*** LISTED ENTRIES ***

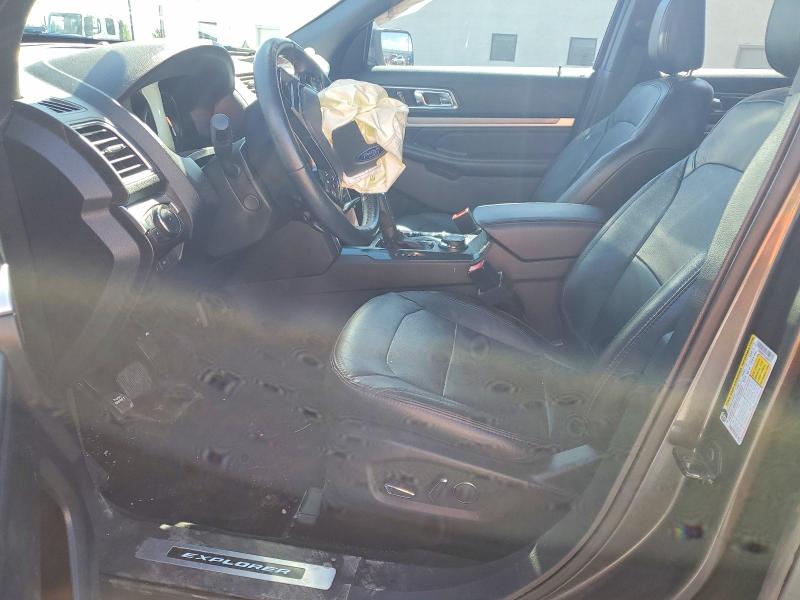 52067956 :رقم المزاد ، 1FM5K8GT9JGA80241 vin ، 2018 Ford Explorer مزاد بيع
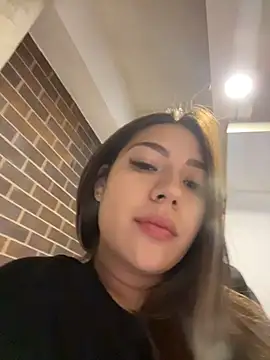 Latina vanessa online show from July 2026 01:19:01 AM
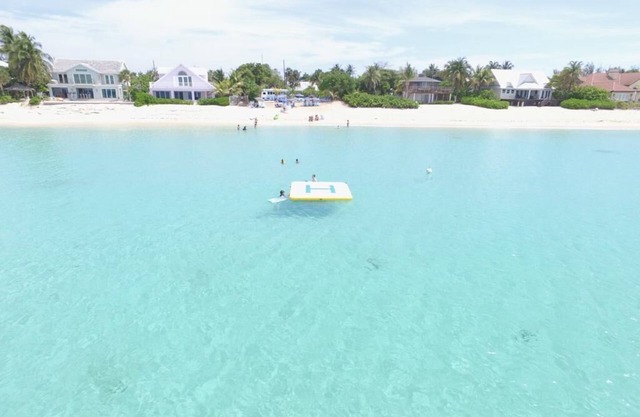 7 Mile Beach Penthouse with Pool View and Rooftopn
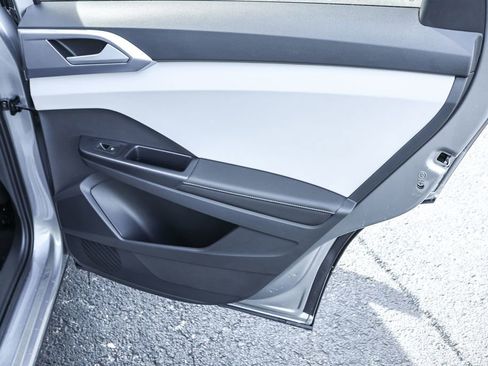 New 2025 Volkswagen Taos SE image 37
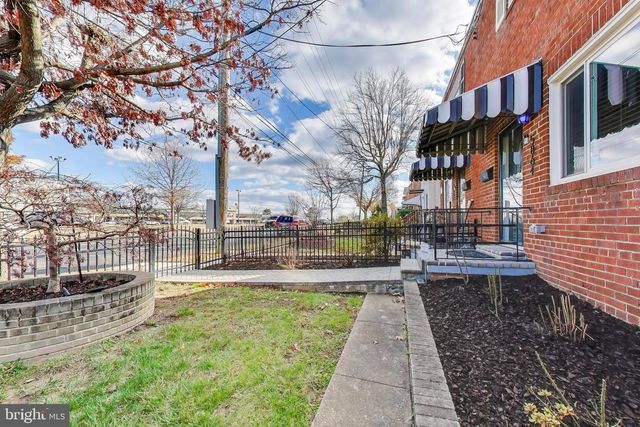 5864 EASTERN AVE NE, Washington, DC 20011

*** End of LISTED ENTRIES ***

▸ WHAT YOU WILL DO: Your output should consist solely of the lines from the line containing "New 2025 Volkswagen Taos SE image 37" through the last line of the entries, verbatim, minus any pictures.

▸ ANSWER SECTION:
 New 2025 Volkswagen Taos SE image 37
 5864 EASTERN AVE NE, Washington, DC 20011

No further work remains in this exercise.